- Directed by: Peter Wechsberg
- Written by: Peter Wolf
- Produced by: Gary R. Holstrom
- Starring: Peter Wolf Lee Darel Dudley Hemstreet Gary R. Holstrom
- Cinematography: J. Wilder Mincey
- Release dates: January 16, 1975 (Portland); July 25, 1975 (Los Angeles);
- Running time: 95 minutes
- Country: United States
- Language: American Sign Language (dubbed in English)

= Deafula =

1975 American horror film by Peter Wolf

Deafula is a 1975 American horror film utilizing American Sign Language. A voice over was provided for those who do not understand sign language. The film starred Peter Wechsberg, who also serves as director and writer, under the pseudonym Peter Wolf. It was the first American Sign Language feature film ever made.

==Premise==
The film tells the story of a young man who cannot control his urge to kill people for their blood, and the police investigation searching for the murderer.

==Plot==
Steve Adams, a theology student, begins to suspect he may be a vampire after a series of blood-draining murders in his town.

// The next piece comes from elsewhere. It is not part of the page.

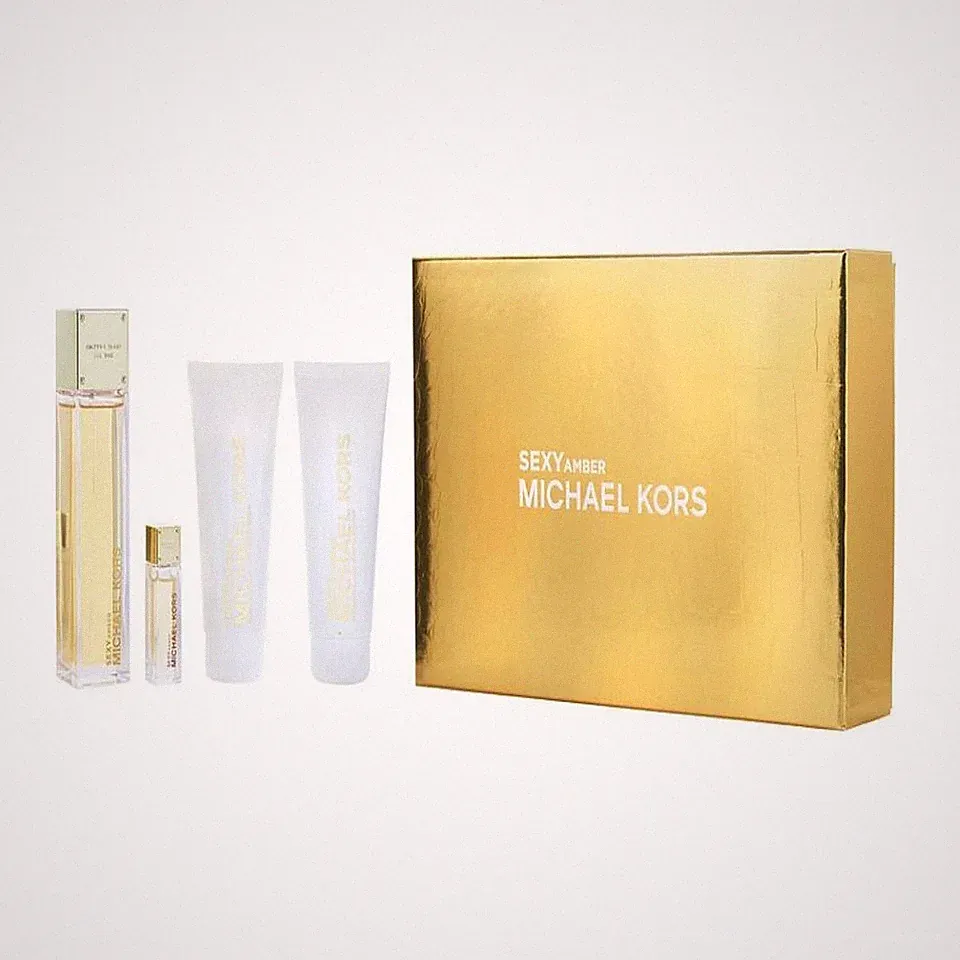 Sexy Amber by Michael Kors 4 Piece Perfume Gift Set for Women with Splash
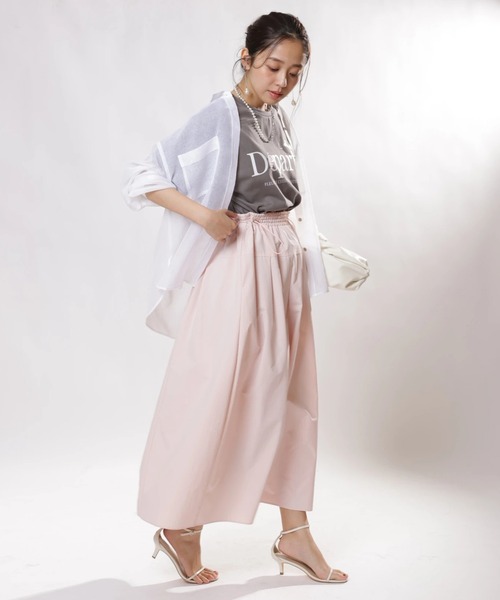 JUSGLITTY（ジャスグリッティー）の「２ＷＡＹリネンライクシアーシャツ（シャツ/ブラウス・レディース・サックスブルー/ピンク/ホワイト/イエロー/ベージュ・1/2）」の11枚目の写真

A detective in the small town has hired Inspector Butterfield, a bumbling expert from England, to be his assistant in the investigation of the 27 murders. While walking down the sidewalk, Steve is approached by a couple on a motorcycle and asks them to come to church with him. They laugh and try to rob him at knife point, but he suddenly transforms into a vampire, and hypnotizes them to drive off a cliff. At the police station, Butterfield explains how he had tracked down and defeated Dracula with a wooden stake and that these murders fit the same profile, but the detective tells him to stop talking and get to work. The two meet for a drink with Steve, who turns out to be the detective's best friend and has always loved eating peanuts without shelling them.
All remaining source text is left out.